Task goal: Could you write out the line containing "Elite Dangerous: ИНСТРУКЦИЯ: как" and all the lines below it in the data, exactly, through the final one and nothing else?

(Records from a data source)
********************

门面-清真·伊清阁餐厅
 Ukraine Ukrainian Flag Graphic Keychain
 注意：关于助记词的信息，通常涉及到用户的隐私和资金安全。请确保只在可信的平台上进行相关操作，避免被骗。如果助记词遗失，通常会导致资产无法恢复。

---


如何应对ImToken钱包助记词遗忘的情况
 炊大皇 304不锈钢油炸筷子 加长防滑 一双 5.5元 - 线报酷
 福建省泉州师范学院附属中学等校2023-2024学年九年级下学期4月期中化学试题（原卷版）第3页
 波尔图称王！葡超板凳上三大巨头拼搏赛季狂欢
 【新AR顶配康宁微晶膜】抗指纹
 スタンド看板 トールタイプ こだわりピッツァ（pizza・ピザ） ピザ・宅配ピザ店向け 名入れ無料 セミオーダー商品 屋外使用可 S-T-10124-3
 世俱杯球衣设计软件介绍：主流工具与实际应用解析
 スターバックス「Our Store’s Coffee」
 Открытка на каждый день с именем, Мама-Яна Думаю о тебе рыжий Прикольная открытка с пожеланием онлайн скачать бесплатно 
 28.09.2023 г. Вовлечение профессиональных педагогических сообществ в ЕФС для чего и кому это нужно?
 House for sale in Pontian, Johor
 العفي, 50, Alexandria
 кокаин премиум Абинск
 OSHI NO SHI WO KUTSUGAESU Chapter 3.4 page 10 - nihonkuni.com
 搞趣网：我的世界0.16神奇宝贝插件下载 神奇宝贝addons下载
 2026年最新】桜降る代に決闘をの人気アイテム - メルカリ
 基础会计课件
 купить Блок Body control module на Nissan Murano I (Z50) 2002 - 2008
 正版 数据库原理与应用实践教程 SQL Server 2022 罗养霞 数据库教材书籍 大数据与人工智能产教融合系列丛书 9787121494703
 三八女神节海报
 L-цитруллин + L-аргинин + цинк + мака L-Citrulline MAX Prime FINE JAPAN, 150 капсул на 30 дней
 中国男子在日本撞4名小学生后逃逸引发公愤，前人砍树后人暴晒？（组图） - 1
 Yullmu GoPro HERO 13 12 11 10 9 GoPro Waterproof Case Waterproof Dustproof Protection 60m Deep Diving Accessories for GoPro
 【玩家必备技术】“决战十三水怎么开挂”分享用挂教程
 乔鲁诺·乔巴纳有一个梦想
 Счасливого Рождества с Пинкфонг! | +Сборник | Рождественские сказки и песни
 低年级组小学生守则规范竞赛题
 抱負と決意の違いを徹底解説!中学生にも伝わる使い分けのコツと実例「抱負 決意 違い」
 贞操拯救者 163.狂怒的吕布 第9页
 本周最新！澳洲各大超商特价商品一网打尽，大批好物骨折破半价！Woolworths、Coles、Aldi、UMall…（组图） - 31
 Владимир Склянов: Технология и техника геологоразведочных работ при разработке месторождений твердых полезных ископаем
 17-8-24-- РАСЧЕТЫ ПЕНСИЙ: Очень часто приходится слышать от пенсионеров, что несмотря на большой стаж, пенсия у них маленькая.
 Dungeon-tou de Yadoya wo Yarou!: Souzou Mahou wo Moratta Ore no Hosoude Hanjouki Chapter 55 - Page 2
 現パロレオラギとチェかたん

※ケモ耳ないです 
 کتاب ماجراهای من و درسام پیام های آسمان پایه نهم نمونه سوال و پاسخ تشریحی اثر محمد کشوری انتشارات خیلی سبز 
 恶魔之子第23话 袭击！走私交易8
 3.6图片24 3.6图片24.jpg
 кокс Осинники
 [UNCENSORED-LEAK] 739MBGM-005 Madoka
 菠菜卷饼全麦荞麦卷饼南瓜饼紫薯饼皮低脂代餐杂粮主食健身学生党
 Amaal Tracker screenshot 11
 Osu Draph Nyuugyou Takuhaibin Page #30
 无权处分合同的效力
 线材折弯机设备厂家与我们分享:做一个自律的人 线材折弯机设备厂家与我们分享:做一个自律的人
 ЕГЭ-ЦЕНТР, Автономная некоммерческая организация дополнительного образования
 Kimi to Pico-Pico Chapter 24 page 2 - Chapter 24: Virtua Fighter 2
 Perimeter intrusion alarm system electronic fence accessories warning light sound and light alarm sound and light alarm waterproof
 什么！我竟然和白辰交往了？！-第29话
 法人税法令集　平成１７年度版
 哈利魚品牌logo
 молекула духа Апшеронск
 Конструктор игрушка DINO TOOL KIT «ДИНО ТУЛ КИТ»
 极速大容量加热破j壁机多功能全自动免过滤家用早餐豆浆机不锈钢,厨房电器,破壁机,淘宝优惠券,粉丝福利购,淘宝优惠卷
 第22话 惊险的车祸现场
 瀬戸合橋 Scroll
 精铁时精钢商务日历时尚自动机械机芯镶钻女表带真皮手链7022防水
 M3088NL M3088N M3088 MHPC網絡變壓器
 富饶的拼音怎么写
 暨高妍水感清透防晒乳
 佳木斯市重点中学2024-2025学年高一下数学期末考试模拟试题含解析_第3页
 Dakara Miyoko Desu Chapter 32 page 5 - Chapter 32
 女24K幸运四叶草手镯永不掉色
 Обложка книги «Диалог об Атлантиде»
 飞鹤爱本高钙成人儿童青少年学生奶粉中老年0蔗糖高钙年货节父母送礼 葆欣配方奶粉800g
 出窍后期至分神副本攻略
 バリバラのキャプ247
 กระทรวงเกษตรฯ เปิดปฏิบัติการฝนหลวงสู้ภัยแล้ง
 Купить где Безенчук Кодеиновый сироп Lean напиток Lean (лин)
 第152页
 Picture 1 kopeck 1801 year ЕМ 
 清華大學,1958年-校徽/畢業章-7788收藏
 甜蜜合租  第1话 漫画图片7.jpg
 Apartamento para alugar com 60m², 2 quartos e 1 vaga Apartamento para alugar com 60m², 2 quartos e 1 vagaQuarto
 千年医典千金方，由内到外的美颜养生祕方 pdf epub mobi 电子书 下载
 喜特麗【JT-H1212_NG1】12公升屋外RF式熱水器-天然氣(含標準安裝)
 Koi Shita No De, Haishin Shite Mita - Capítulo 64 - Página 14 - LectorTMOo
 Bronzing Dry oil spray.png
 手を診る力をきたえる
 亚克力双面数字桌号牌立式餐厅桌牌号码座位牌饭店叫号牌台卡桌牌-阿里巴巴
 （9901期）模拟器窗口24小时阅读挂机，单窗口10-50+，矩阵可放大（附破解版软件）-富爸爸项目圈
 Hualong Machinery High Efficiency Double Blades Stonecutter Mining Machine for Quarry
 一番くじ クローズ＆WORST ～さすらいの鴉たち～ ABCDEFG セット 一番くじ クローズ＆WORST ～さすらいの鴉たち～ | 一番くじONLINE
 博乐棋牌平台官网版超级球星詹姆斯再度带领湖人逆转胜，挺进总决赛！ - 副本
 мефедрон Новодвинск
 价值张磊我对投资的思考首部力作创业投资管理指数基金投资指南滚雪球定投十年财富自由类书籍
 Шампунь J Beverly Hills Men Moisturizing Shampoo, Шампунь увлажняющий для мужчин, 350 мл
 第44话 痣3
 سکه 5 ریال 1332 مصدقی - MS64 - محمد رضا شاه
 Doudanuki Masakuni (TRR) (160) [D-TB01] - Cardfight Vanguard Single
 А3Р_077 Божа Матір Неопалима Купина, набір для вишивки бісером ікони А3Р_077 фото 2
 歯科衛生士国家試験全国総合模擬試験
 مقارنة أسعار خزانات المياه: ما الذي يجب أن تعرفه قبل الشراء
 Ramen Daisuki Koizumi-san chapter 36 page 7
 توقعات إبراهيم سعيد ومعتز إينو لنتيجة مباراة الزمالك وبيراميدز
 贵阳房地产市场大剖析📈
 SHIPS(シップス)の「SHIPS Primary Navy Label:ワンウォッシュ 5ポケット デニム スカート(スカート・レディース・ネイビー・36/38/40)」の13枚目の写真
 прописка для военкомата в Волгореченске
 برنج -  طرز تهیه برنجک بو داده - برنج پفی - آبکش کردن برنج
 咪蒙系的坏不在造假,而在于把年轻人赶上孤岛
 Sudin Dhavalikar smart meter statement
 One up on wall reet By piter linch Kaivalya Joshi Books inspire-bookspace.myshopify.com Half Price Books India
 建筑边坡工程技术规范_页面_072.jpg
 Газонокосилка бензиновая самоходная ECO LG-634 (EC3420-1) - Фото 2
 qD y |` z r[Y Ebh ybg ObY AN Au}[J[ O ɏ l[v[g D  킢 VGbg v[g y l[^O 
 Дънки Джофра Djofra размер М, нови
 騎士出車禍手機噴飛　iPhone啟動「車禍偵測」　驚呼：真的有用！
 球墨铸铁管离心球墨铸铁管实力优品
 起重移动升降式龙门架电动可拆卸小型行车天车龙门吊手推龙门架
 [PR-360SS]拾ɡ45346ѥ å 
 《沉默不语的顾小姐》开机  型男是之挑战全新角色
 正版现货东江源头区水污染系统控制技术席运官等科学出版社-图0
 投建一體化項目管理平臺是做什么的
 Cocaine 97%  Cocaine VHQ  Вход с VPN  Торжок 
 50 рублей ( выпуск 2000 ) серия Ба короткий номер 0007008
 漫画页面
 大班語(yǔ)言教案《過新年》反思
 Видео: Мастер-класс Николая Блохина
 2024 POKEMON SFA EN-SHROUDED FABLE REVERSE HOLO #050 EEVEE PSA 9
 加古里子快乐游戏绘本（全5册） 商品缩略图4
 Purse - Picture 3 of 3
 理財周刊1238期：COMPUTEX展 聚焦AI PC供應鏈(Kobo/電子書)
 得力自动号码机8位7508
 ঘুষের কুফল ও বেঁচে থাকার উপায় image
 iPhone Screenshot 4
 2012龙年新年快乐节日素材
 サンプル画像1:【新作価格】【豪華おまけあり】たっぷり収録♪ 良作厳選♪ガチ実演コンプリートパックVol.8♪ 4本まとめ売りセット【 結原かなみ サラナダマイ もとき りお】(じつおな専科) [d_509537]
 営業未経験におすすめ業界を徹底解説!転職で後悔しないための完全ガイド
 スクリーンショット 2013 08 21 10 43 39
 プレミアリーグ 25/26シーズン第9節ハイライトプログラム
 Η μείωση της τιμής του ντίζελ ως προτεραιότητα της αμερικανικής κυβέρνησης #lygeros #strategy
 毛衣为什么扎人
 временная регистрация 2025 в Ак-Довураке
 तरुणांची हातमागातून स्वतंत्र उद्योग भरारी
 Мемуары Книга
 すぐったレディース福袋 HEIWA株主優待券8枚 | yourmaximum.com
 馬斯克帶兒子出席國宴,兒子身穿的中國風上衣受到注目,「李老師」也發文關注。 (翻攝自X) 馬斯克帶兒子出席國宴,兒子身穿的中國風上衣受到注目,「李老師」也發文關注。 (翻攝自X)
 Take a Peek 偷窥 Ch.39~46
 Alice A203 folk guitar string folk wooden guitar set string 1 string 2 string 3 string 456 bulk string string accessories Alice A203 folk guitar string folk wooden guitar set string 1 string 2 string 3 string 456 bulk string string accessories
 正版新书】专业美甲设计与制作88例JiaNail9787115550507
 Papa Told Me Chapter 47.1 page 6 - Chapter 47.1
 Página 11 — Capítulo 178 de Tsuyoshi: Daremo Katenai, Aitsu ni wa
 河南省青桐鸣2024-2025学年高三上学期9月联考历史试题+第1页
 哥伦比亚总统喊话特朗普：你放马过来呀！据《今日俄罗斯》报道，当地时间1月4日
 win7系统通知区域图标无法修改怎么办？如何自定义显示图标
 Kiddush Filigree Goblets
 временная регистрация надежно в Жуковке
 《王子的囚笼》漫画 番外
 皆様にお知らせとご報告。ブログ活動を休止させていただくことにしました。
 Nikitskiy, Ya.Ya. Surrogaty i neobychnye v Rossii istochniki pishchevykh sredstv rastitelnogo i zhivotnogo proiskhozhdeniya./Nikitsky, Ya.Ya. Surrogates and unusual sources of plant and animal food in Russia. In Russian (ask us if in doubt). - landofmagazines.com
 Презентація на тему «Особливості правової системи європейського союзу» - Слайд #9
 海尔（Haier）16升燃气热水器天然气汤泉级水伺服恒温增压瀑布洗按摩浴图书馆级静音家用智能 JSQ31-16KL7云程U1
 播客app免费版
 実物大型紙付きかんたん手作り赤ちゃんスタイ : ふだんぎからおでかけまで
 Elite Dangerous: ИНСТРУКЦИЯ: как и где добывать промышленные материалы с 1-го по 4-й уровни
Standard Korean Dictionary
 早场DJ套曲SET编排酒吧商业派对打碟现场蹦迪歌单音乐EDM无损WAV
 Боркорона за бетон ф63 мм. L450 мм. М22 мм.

********************

Response area:
 Elite Dangerous: ИНСТРУКЦИЯ: как и где добывать промышленные материалы с 1-го по 4-й уровни
Standard Korean Dictionary
 早场DJ套曲SET编排酒吧商业派对打碟现场蹦迪歌单音乐EDM无损WAV
 Боркорона за бетон ф63 мм. L450 мм. М22 мм.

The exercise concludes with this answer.